Saturday, January 28, 2012

ETK Heavy: The Press and Pullup Checklist

Today was Heavy Day on the ETK Rite of Passage. Below is my mental checklist.

If you aren't paying a similar level of attention to a similarly lengthy list, don't complain to me about why your presses and pullups aren't good.

2 x (1-2-3-4)
3 x (1-2-3)

NB: I video taped the final set of 3 pullups - click here to see it.


PRESS

Stand tall and long in the spine.

- t-spine tends to round after sitting at a desk

- lumbar spine tends to arch forwards


HIP HINGE

- focusing on the hip hinge yields more tension at the backswing, an easier clean, and better preparation for the press.


RACK SMOOTHLY

- it's important to bring the kettlebell gently to rest and not let it whack you - getting beat up racking the bell is losing tension as it dissapates absorbing the shock.
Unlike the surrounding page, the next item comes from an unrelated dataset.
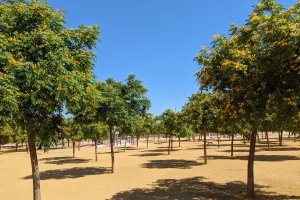 Zona de arbolado en Roquetas de Mar.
We want the opposite, to make enough tension and cushion the blow.

- keep the shoulder down. MRKC Geoff Neupert puts this well - get ready to press
from the hip


PREPARE TO PRESS - Its Own List

- feet solidly gripping the ground, knees locked, thighs zipped up, pelvis made neutral by shortening the abs in the front, bell pulled in and down.


TIGHT GRIP

- a stronger grip makes for a stronger press


PUSH BOTH UP AND AWAY

- the shape of the kettlebell rewards a feeling of opening your elbow away from your body as you press

- be sure the bell is always moving upwards, don't just open the elbow without actually raising the bell

- feel the press in your feet, making sure there is no leakage through the body's midsection. The bell goes up because you push down with your feet.


DO NOT LEAN BACK

- it's tempting to turn the kettlebell press, like the now nearly-extinct Olympic press, into movement to the front rather than overhead. Resist this temptation, which is strongest at your weakest point in the press, at all costs - the weight must go up while you stand straight.


FINISH TALL

- it's important to let the t-spine do its thing as your press nears completion. If, like me, you have a t-spine that tends to be hunched over and immobile in all directions, it's important for the health of your shoulders to be sure you've extended your t-spine at the top of your press. Compacting the abs in the front can lead to rounding the t-spine as well - it does for me sometimes. Note that we are not, not, not trying to extend the lumbar spine at the top of the press, a sure formula for a back ache for me.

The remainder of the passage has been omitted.